Would you transcribe each entry that follows word for word, minus the images?

=== Section Start ===

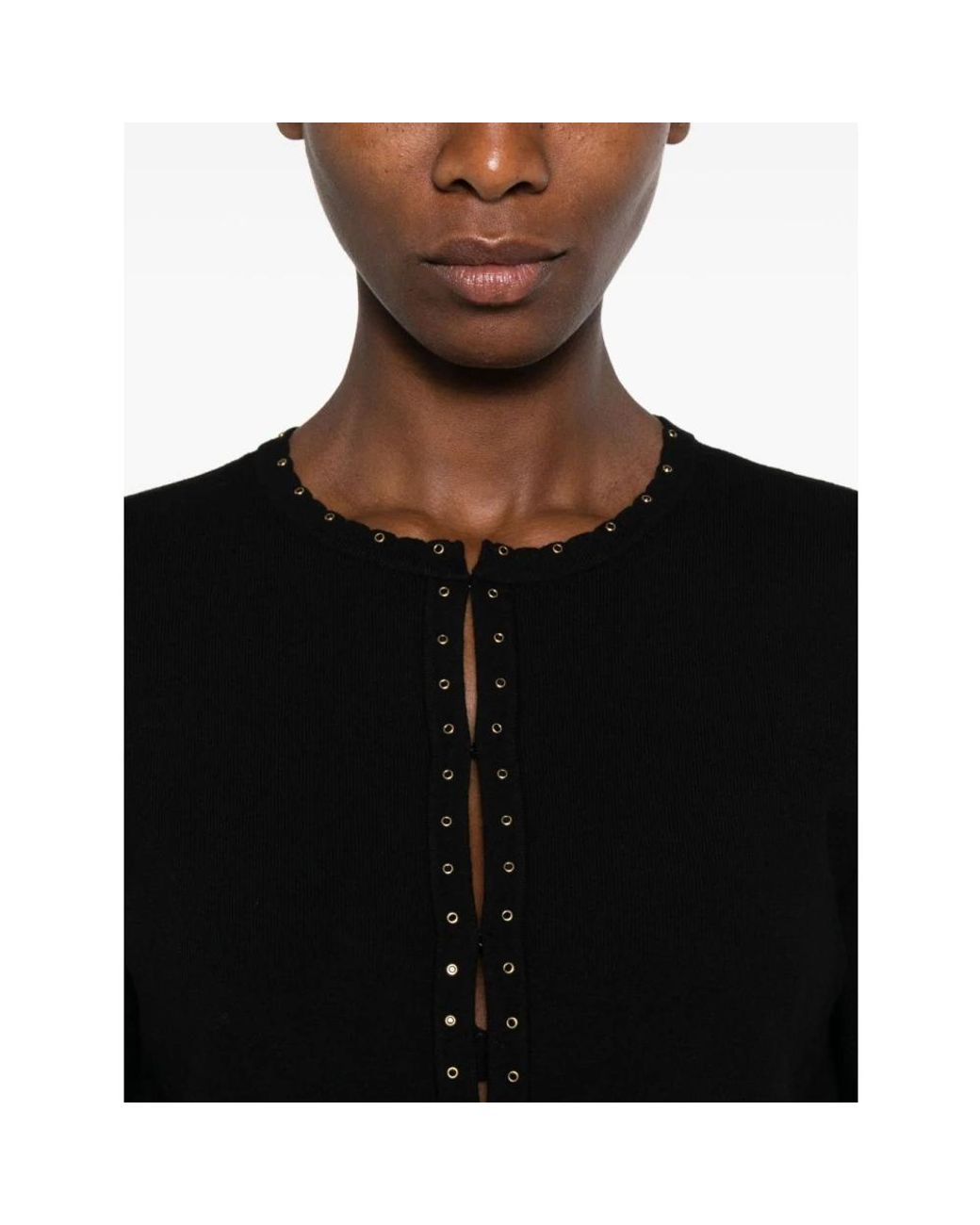 Twinset Black Cardigans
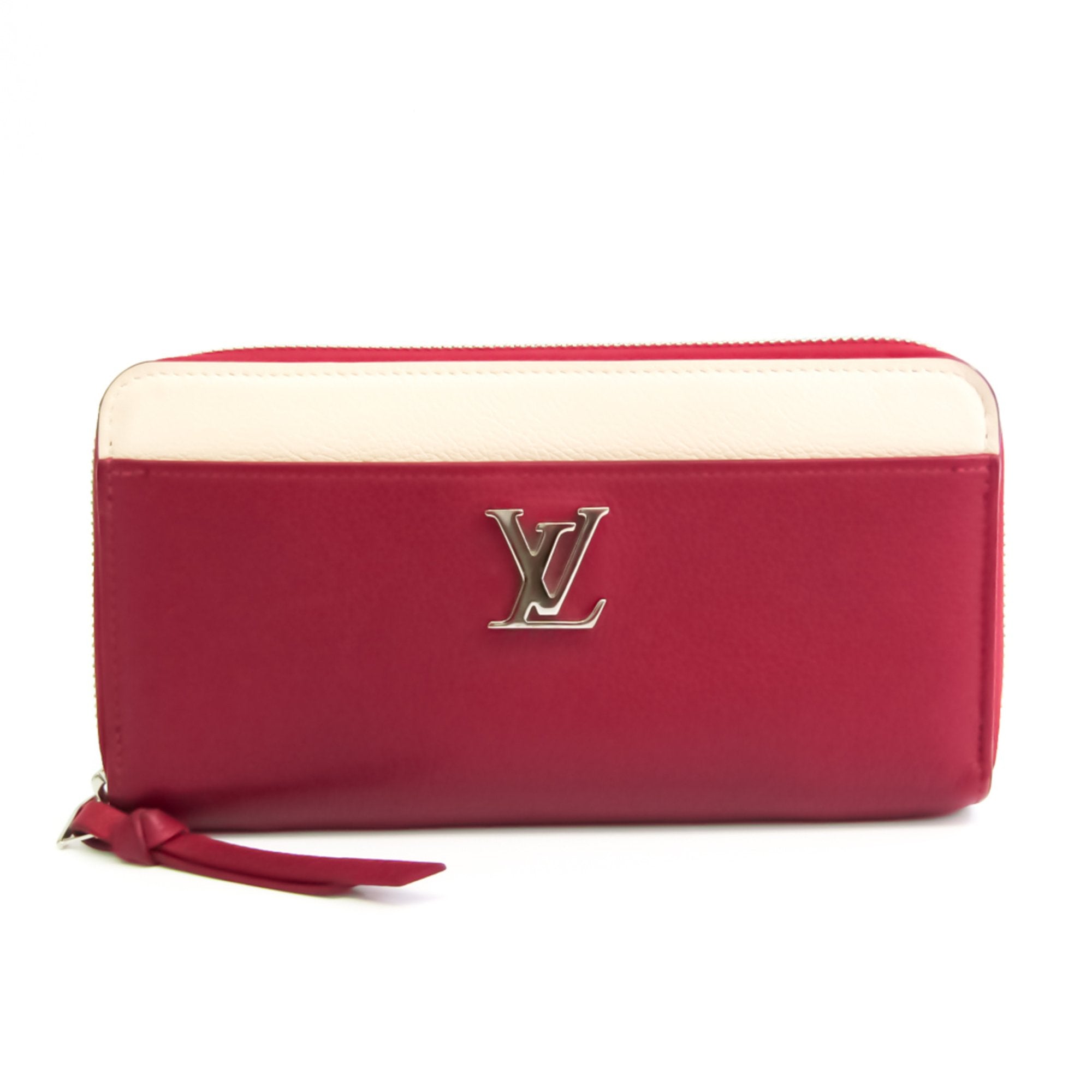 Louis Vuitton Lockme Zippy Wallet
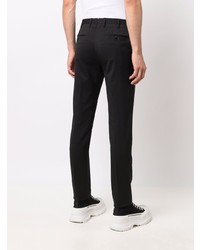 Черные брюки чинос от Pt01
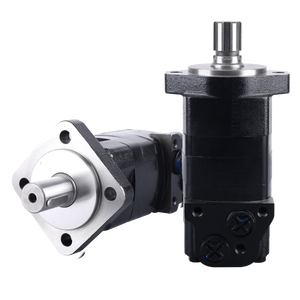 มอเตอร์ไฮดรอลิก OEM รุ่น BM1 BM2 BM3 BM5 BM6 ซีรีส์ 50/80/100/125/160/200/250/315/400/500 มอเตอร์ออร์บิทัลแบบเพลา - Product Image 6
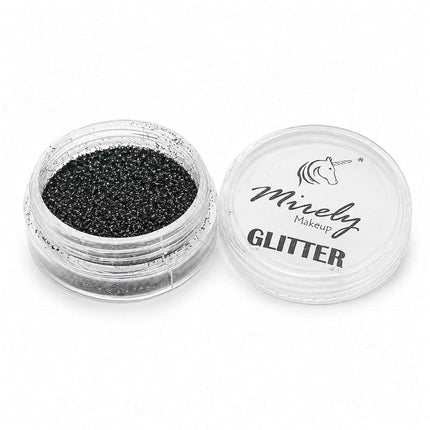 Glitter / Escarcha Mirely (Mirella) Cosmético x 15 Colores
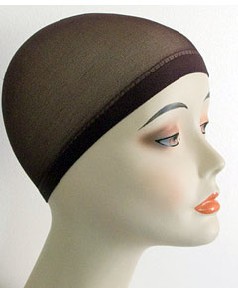 Jazzy Wave and Wig Cap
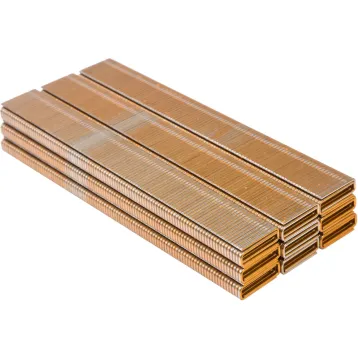СКОБИ 16X5,85 ММ 2000 ШТ. СКОБИ 16X5,85 ММ 2000 ШТ.
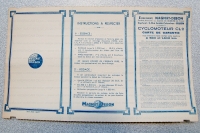 Carte garantie CL2 cyclomoteur Magnat-Debon 1482 Image 1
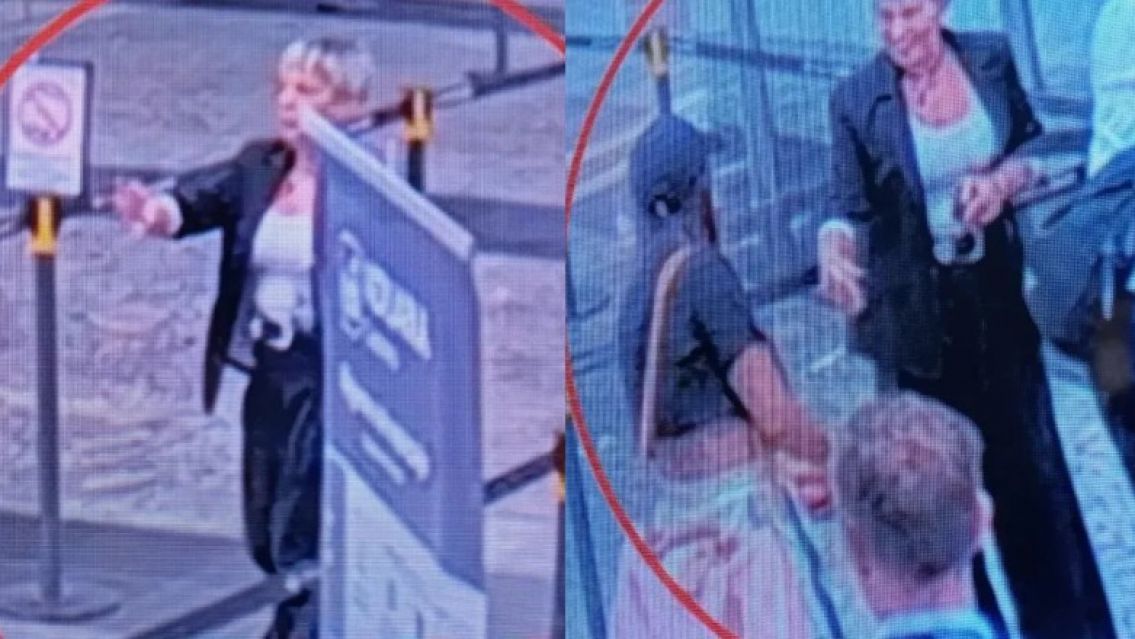 Escándalo: Revelan que la vicejefa de Aduana escoltó a Laura Arrieta cuando llegó con las valijas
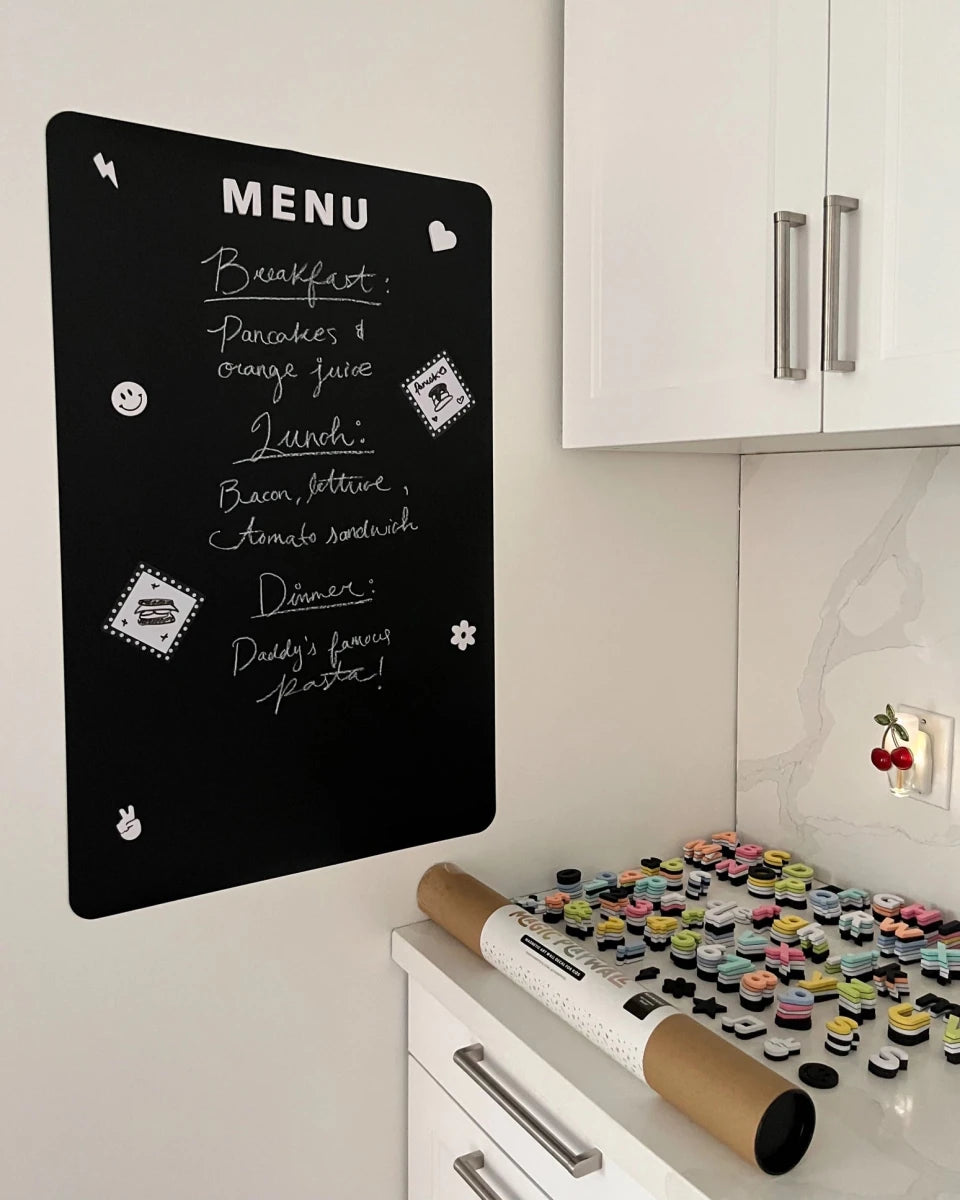 Magic Playwall – Rectangle mural magnétique -Art & bricolage- Boutique LeoLudo-Cherrypick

=== Section End ===

• [SOLVED EXERCISE]:
 Twinset Black Cardigans
 Louis Vuitton Lockme Zippy Wallet
 Черные брюки чинос от Pt01
 มอเตอร์ไฮดรอลิก OEM รุ่น BM1 BM2 BM3 BM5 BM6 ซีรีส์ 50/80/100/125/160/200/250/315/400/500 มอเตอร์ออร์บิทัลแบบเพลา - Product Image 6
 Glitter / Escarcha Mirely (Mirella) Cosmético x 15 Colores
 Jazzy Wave and Wig Cap
СКОБИ 16X5,85 ММ 2000 ШТ. СКОБИ 16X5,85 ММ 2000 ШТ.
 Carte garantie CL2 cyclomoteur Magnat-Debon 1482 Image 1
 Escándalo: Revelan que la vicejefa de Aduana escoltó a Laura Arrieta cuando llegó con las valijas
 Magic Playwall – Rectangle mural magnétique -Art & bricolage- Boutique LeoLudo-Cherrypick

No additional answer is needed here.